Digitise or dissipate – The Financial Express

The Financial Express
Online sales are expected to surpass 25% of the total sales pie across major retail categories (excluding grocery) by 2026, reaching a total of $163 billion, according to a report by RedSeer Consulting.
The report, “Digital Disruptors”, evaluated over 1,000 companies with over 2,000 brands across key consumer product categories to identify 75 companies that made a mark in 2022. The top 3 brands in the electronics & appliances sector were boAt, BBK, and Asus, while Aditya Birla Fashion and Retail, Puma India, and Wakefit ruled the fashion & home sector. Hindustan Unilever, L’Oreal India, and Licious took the top positions in grocery & personal care.

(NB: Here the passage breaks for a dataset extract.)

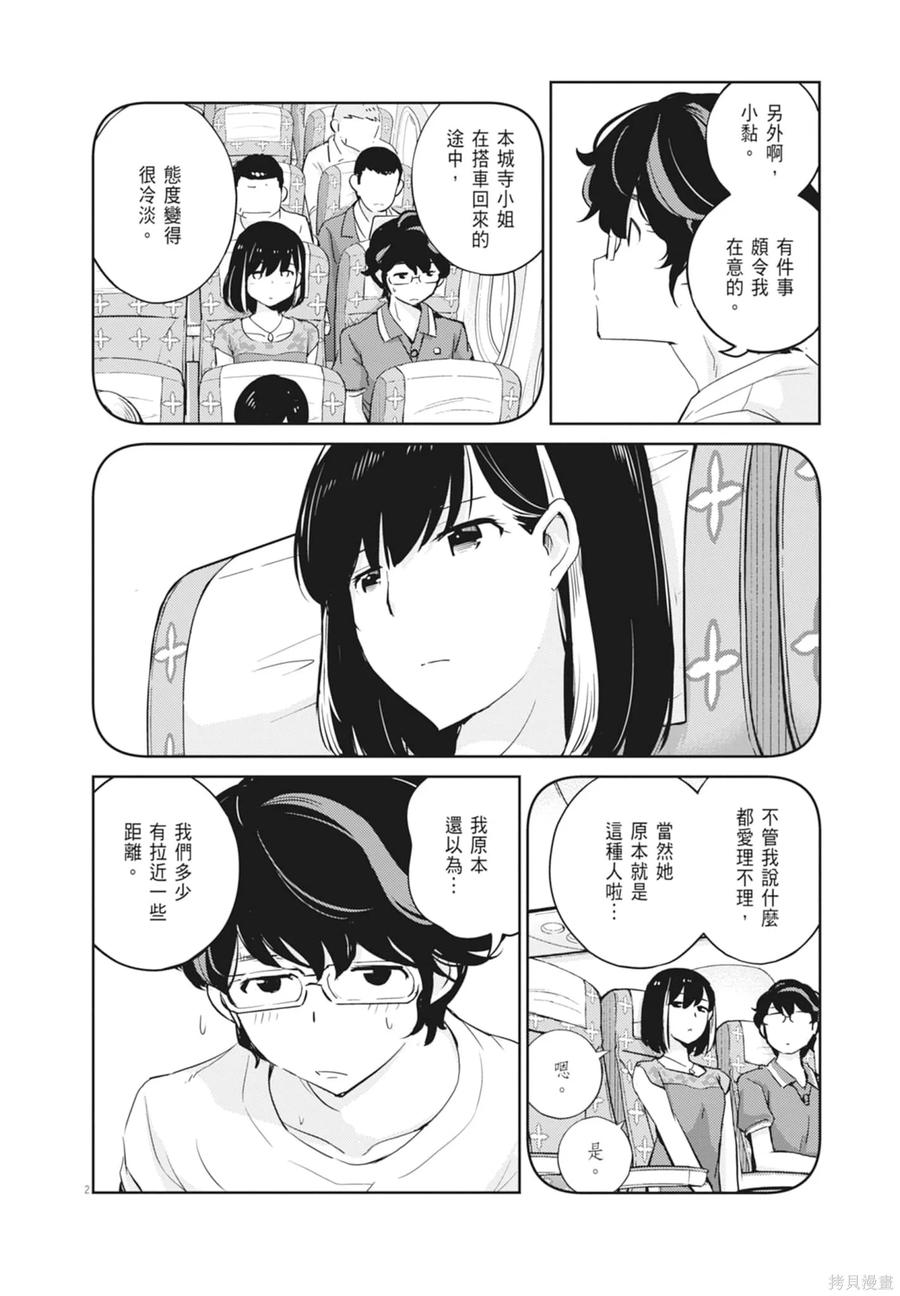 第80页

Over 45% of digital disruptor brands are digital-first companies that began as online ventures and built scale by expanding into new sub-categories. These companies are expanding operations into brick-and-mortar trade to capture a larger market share. With digital-first brands accounting for 25% of the online sales, traditional brands have new challenges to grapple with. The report suggests that legacy companies need to focus on building digital capabilities and adopt an omnichannel approach to stay relevant in the digital age.
Saurav Kumar Chachan, director, Redseer, says, “Traditional brands across categories have recognised the criticality of e-commerce to stay relevant. While some have been able to mark their presence in the space, many have struggled to adapt to the agility and financial parameters of the online market. Currently, digital-first brands typically derive over 75% of their sales online, while traditional players garner less than 30% of sales from online transactions.”

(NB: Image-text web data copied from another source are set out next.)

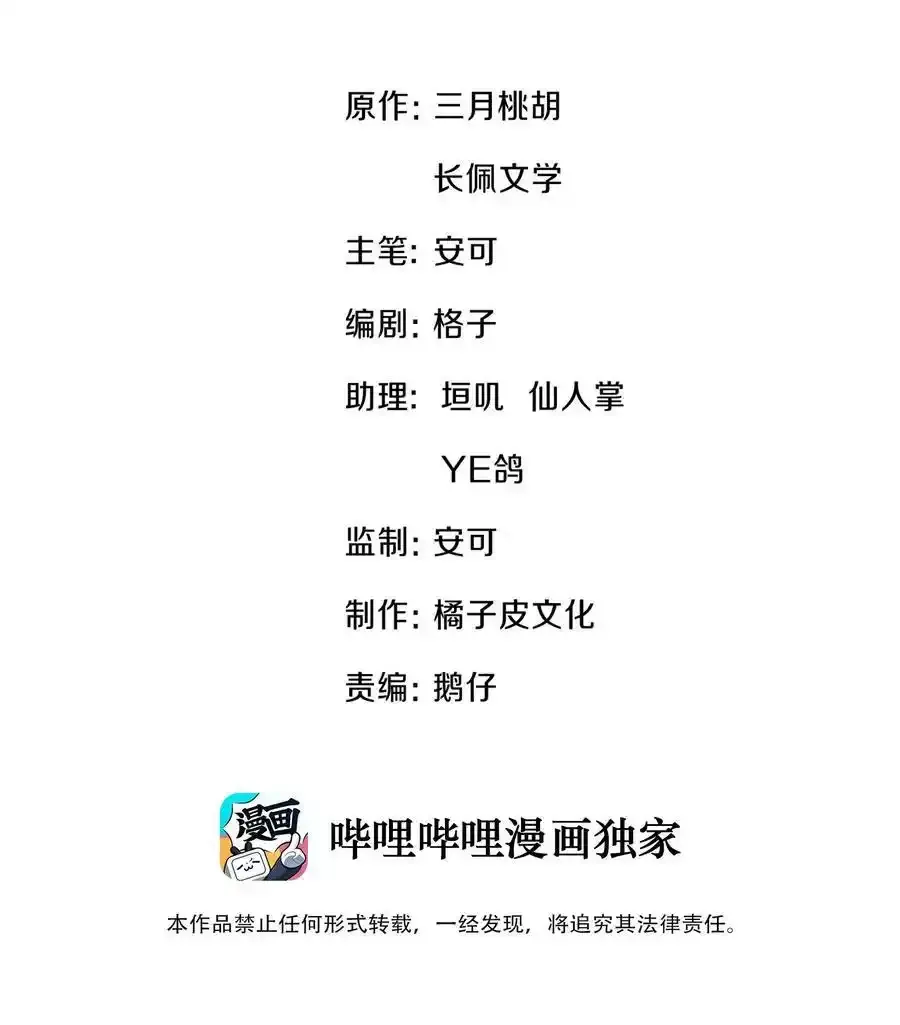 请假 公告2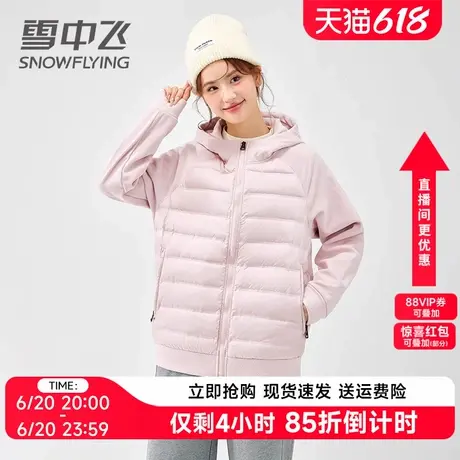 雪中飞鹅绒轻薄羽绒服女款2024新款拼接连帽时尚卫衣短款保暖外套图片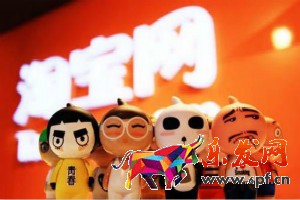 淘寶開店貨源代發會受騙嗎？如何辨別？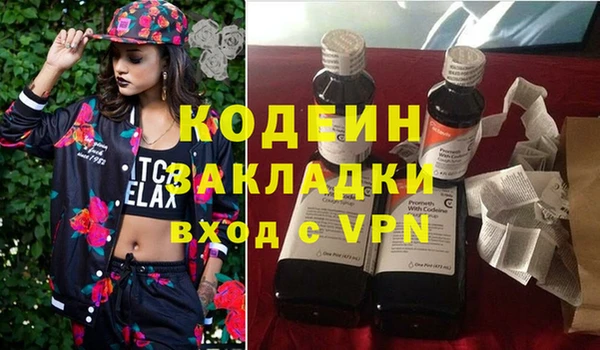 ГАЛЛЮЦИНОГЕННЫЕ ГРИБЫ Беломорск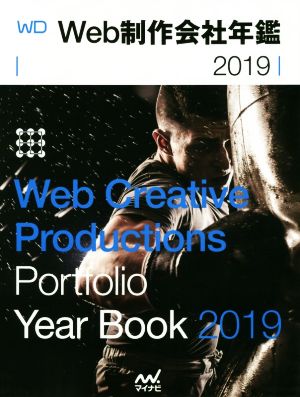 Web制作会社年鑑(2019)Web Creative Productions Portfolio Year Book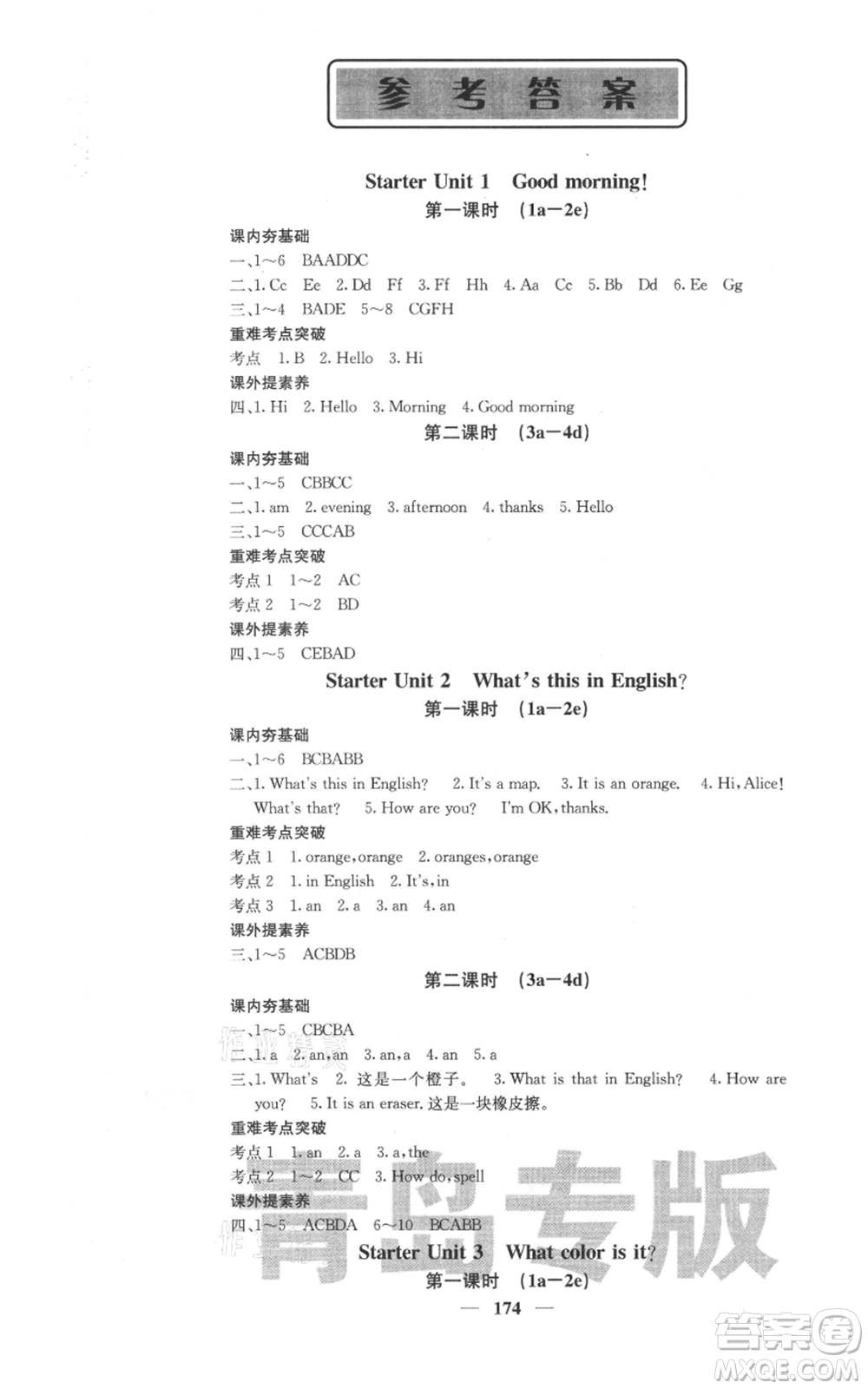 四川大學(xué)出版社2021名校課堂內(nèi)外七年級(jí)上冊(cè)英語人教版青島專版參考答案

The research highlights the factors that helped digital disruptors to achieve the right balance. These include:
Strategic focus: Digital disruptors put the focus of leadership and their investments behind the e-commerce strategy, rather than treating it as just another channel. Also, they recognise that online is a different market than offline and requires distinct strategy, sales and marketing approach, and financial expertise.
Dynamic pricing: They align their price proposition to online customer segment needs while managing conflict with other channels; they also track and frequently adjust the prices and discounts to account for changing demand, festive spikes, and competitor moves.
Agile organisation: Digital disruptors promote an agile organisation and hustle culture that enable constant innovation, and market tracking to disrupt and grow faster. They also build deep capabilities in analytics and data science to take quick decisions and adapt strategy and tactics to rapidly changing needs of the online consumer.
Brand/product portfolio: They offer a wide and often distinct range of SKUs online as compared to offline, while also thoughtfully launching and acquiring distinct brands to address diverse customer segments. They invest in understanding the rules and success factors of online games and align their approach to the respective platform’s algorithm to create a virtuous flywheel of discovery and purchase.
Best-in-class digital marketing: They create strong relatable brands and communities across social media and on e-commerce platforms to build a loyal online customer base to drive organic search and reduce the cost of sales. Additionally, they build deep in-house digital marketing capabilities and strategies to drive visibility and performance across channels to drive sales at optimum costs.
Mohit Rana, partner, Redseer, said companies were divided into four distinct quadrants. The early movers or the ‘Tigers’, legacy players, or the ‘Elephants’, ‘Rabbits’ that are yet to scale, while legacy players with a lower online market share are the ‘Turtles’.